Short text fragments from websites
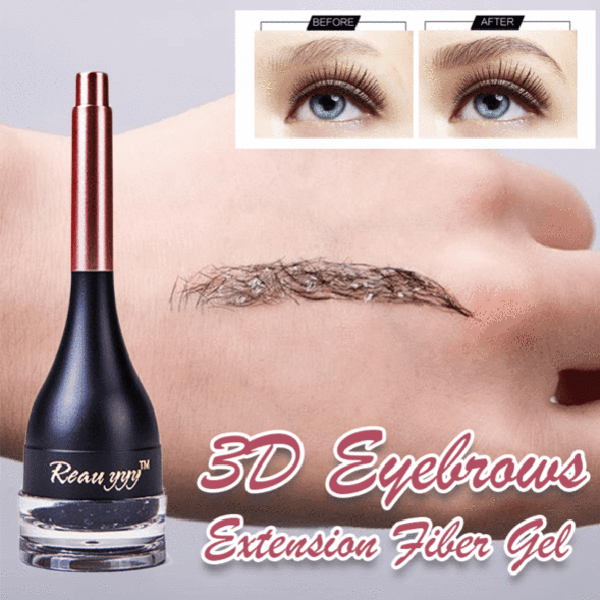 3D Eyebrows Liquid Extension Fiber Gel Super Natural Eyebrows(BUY 1 GET 2ND 10% OFF)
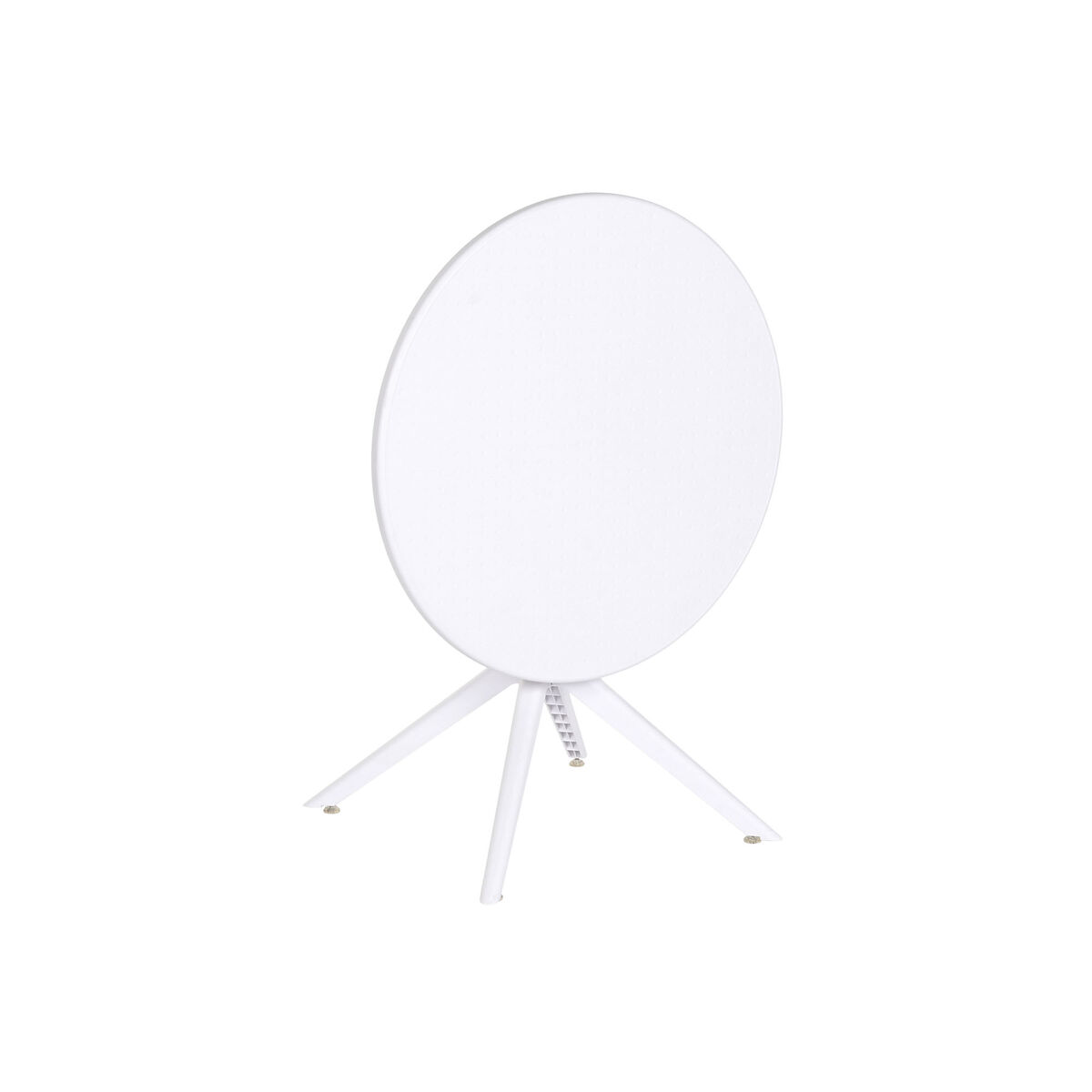 Matsalsbord Home ESPRIT Vit Metall polypropen 80 x 80 x 75 cm - 3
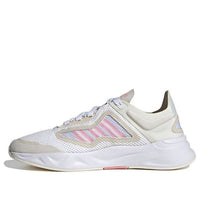 (WMNS) adidas neo Futureflow Cc 'White Pink' FW7198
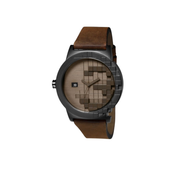 TACS Pixel Dark Brown (TS1302B)
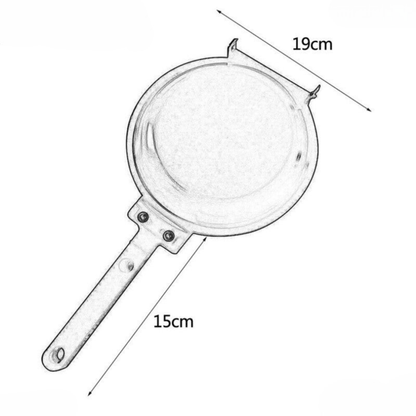 Avelena | Bratpfanne mit Antihaftbeschichtung für müheloses und fettfreies Kochen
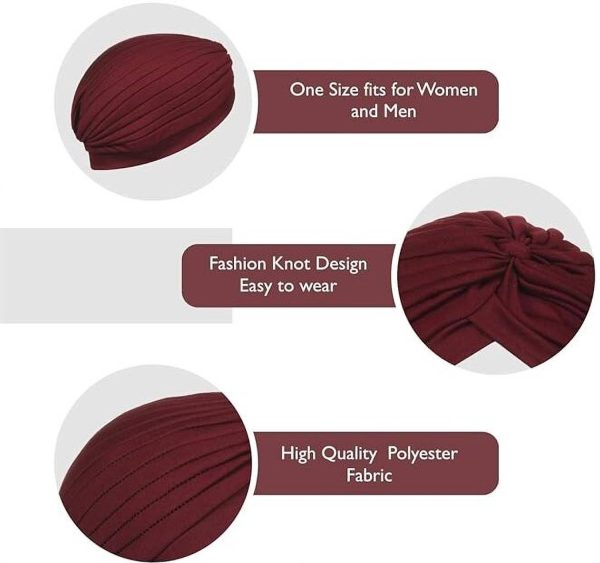 Run India Solid Head Wraps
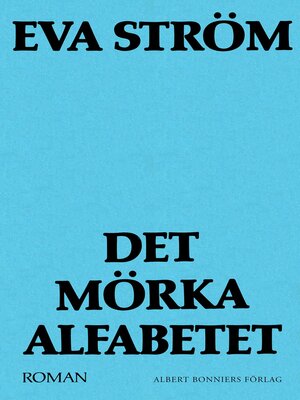 cover image of Det mörka alfabetet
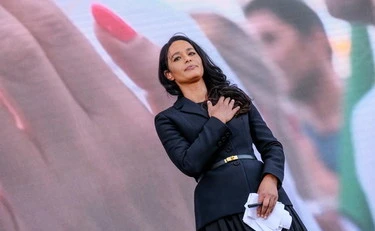 Rula Jebreal: attacco dal palco sul governo
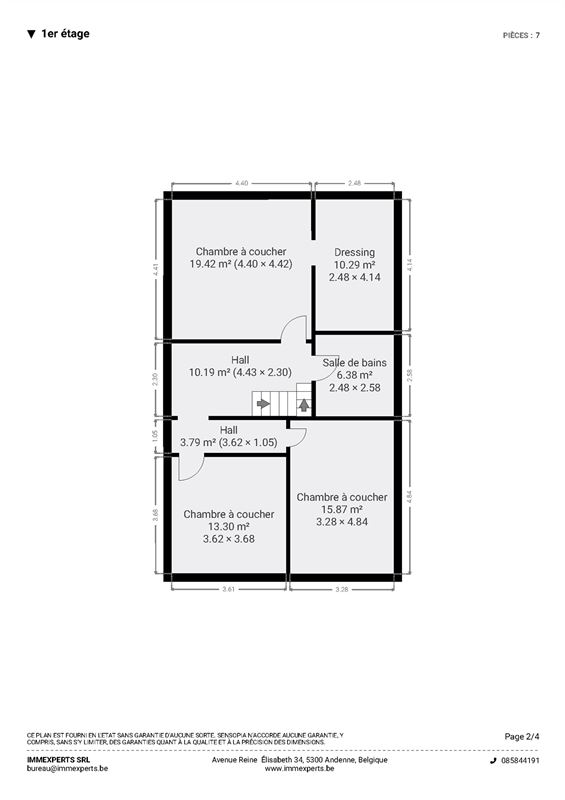 Spacieuse maison 4 façades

• _Requirement_
Print, exactly and without pictures, the lines from the one holding "Matsalsbord Home ESPRIT" through the last line of the entries above, both included.

• _Finished exercise_
 Matsalsbord Home ESPRIT Vit Metall polypropen 80 x 80 x 75 cm - 3
 (WMNS) adidas neo Futureflow Cc 'White Pink' FW7198
 TACS Pixel Dark Brown (TS1302B)
 Avelena | Bratpfanne mit Antihaftbeschichtung für müheloses und fettfreies Kochen
 Run India Solid Head Wraps
 cover image of Det mörka alfabetet
 Rula Jebreal: attacco dal palco sul governo
 Spacieuse maison 4 façades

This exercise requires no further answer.